### Records supplied

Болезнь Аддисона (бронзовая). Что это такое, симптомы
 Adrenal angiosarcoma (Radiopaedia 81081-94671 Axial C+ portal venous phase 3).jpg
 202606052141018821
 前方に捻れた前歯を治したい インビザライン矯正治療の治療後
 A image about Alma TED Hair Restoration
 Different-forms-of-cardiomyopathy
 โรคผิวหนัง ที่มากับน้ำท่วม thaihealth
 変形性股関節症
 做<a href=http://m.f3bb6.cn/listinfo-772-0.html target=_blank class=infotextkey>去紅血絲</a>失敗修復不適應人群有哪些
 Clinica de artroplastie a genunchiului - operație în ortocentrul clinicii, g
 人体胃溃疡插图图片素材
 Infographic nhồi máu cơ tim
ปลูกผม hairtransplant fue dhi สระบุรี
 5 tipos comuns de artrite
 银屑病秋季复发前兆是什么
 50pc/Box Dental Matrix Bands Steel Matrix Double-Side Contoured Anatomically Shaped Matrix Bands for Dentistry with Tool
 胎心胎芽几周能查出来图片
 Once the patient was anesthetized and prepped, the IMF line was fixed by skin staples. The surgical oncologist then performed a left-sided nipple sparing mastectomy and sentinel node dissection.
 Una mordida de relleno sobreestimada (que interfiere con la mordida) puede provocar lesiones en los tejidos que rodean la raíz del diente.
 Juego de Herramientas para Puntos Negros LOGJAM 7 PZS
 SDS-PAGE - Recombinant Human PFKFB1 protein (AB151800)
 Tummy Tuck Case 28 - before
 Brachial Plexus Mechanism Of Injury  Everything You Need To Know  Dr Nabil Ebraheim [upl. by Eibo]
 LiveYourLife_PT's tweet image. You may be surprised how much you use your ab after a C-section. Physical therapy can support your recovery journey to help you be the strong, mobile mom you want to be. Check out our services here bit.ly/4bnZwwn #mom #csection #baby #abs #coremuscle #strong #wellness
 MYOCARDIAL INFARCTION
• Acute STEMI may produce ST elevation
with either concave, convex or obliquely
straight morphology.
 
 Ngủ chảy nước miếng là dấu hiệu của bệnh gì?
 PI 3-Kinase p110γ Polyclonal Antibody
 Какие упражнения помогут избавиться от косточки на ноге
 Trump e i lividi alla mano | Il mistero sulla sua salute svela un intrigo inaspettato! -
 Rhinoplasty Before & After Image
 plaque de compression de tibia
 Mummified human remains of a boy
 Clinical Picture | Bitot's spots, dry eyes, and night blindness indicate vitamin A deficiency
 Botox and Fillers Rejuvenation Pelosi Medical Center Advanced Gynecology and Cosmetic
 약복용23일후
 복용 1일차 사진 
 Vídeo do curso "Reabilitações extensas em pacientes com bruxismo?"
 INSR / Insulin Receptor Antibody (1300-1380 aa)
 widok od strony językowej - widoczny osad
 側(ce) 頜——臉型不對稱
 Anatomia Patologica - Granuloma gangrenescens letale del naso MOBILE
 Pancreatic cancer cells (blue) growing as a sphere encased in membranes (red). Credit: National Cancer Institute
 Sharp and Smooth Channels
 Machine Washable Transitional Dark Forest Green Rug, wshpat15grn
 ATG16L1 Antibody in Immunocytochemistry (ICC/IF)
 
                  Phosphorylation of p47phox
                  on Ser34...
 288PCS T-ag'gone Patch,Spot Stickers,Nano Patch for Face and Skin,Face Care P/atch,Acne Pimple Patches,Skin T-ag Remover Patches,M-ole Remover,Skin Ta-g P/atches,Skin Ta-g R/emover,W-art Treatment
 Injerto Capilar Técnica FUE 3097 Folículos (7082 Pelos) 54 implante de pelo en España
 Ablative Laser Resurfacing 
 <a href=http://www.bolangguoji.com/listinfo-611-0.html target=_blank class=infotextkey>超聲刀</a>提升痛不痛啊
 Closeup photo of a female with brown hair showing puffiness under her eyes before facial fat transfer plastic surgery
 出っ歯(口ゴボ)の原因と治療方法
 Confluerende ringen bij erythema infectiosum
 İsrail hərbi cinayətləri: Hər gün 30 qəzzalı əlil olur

######

# Exercise
Output exactly the lines of the data that run from the one containing "Vídeo do curso" to the very last line, and no others.

# Response to the task
 Vídeo do curso "Reabilitações extensas em pacientes com bruxismo?"
 INSR / Insulin Receptor Antibody (1300-1380 aa)
 widok od strony językowej - widoczny osad
 側(ce) 頜——臉型不對稱
 Anatomia Patologica - Granuloma gangrenescens letale del naso MOBILE
 Pancreatic cancer cells (blue) growing as a sphere encased in membranes (red). Credit: National Cancer Institute
 Sharp and Smooth Channels
 Machine Washable Transitional Dark Forest Green Rug, wshpat15grn
 ATG16L1 Antibody in Immunocytochemistry (ICC/IF)
 
                  Phosphorylation of p47phox
                  on Ser34...
 288PCS T-ag'gone Patch,Spot Stickers,Nano Patch for Face and Skin,Face Care P/atch,Acne Pimple Patches,Skin T-ag Remover Patches,M-ole Remover,Skin Ta-g P/atches,Skin Ta-g R/emover,W-art Treatment
 Injerto Capilar Técnica FUE 3097 Folículos (7082 Pelos) 54 implante de pelo en España
 Ablative Laser Resurfacing 
 <a href=http://www.bolangguoji.com/listinfo-611-0.html target=_blank class=infotextkey>超聲刀</a>提升痛不痛啊
 Closeup photo of a female with brown hair showing puffiness under her eyes before facial fat transfer plastic surgery
 出っ歯(口ゴボ)の原因と治療方法
 Confluerende ringen bij erythema infectiosum
 İsrail hərbi cinayətləri: Hər gün 30 qəzzalı əlil olur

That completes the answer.